12Then Jesus entered the temple and drove out all who were selling and buying in the temple, and he overturned the tables of the money changers and the seats of those who sold doves. 13He said to them, “It is written, ‘My house shall be called a house of prayer’; but you are making it a den of robbers.”
14The blind and the lame came to him in the temple, and he cured them. 15But when the chief priests and the scribes saw the amazing things that he did, and heard the children crying out in the temple, “Hosanna to the Son of David,” they became angry 16and said to him, “Do you hear what these are saying?” Jesus said to them, “Yes; have you never read, ‘Out of the mouths of infants and nursing babies you have prepared praise for yourself’?” 17He left them, went out of the city to Bethany, and spent the night there.

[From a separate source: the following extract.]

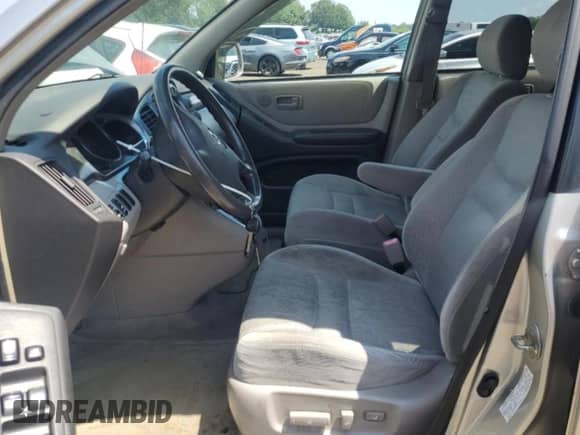 2001 Toyota Highlander с VIN JTEHF21A310001080, выставлен на аукционе Copart как лот 66800445 с пробегом 258 377 миль миль и Чистый • Clean title. История ставок и продаж доступна на DreamBid. Изображение 7.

18In the morning, when he returned to the city, he was hungry. 19And seeing a fig tree by the side of the road, he went to it and found nothing at all on it but leaves. Then he said to it, “May no fruit ever come from you again!” And the fig tree withered at once. 20When the disciples saw it, they were amazed, saying, “How did the fig tree wither at once?” 21Jesus answered them, “Truly I tell you, if you have faith and do not doubt, not only will you do what has been done to the fig tree, but even if you say to this mountain, ‘Be lifted up and thrown into the sea,’ it will be done. 22Whatever you ask for in prayer with faith, you will receive.”

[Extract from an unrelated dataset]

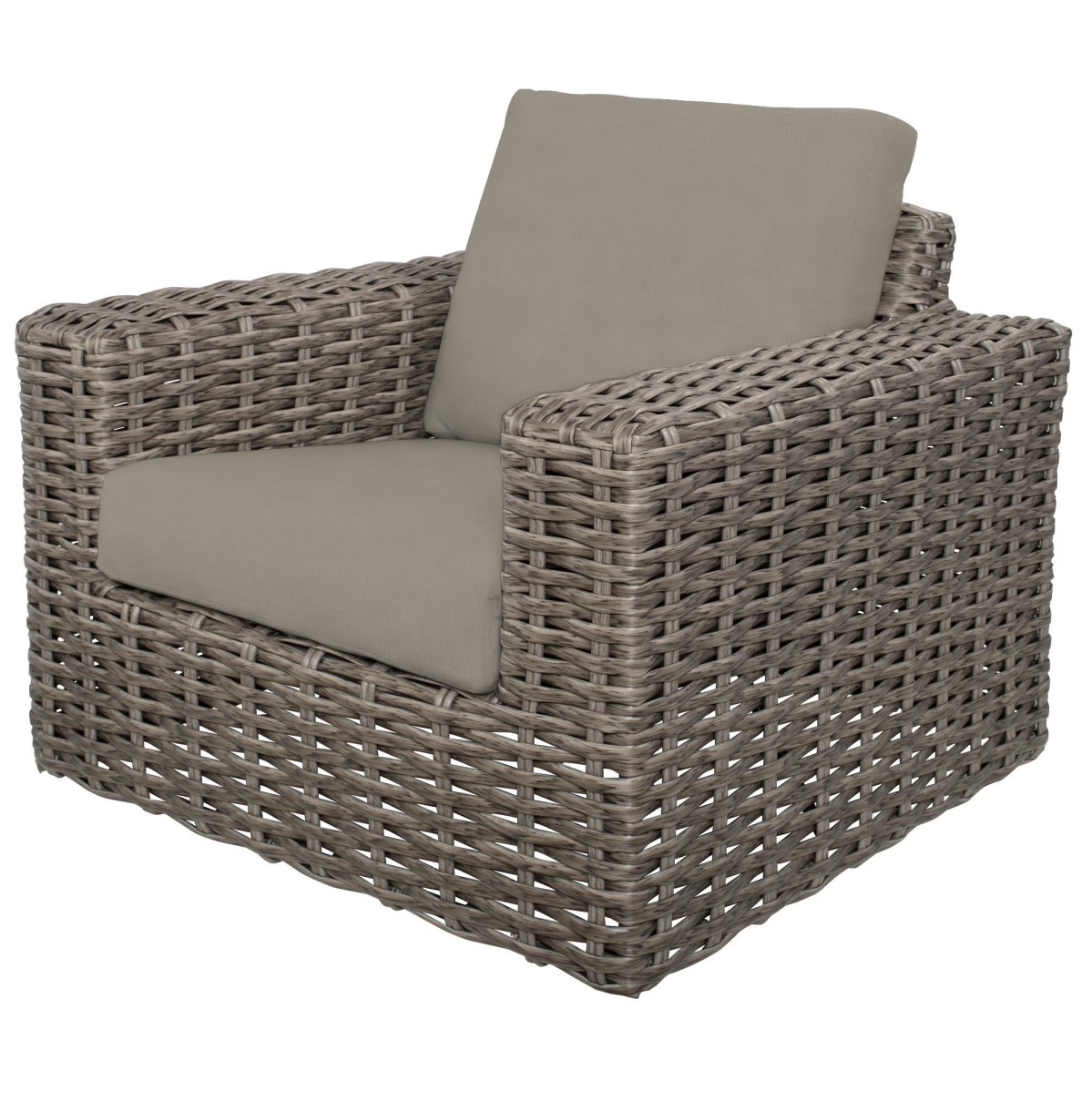 Mia Club Chair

I think that the three passages show us something more profound: that God is not nice, polite and pretty. He is righteous, and that is terrible. The righteous will let that which does not meet the full will of God burn as surely as the fig tree did. The righteous will confront. They will completely ignore those who consider themselves offended by their actions.
Nor will they care about the feelings of rulers or bankers.
Christ was confrontational. The truth is such, and God is truth.
And we are called to be like him. If Paul today discussed how we should be slaves to righteousness not sin, we may have to add a gloss. We should never be the slaves of the feelings of the sensitive, the politically oh so sensitive, who consider that no one should ever challenge their feelings.
The existence of anyone seeking righteousness offends such. Do not listen to them. Ignore them.
If called in front of their academies, speak the truth, and the gospel. Challenge their religious discrimination.
And in the church drive them out, even with a whip.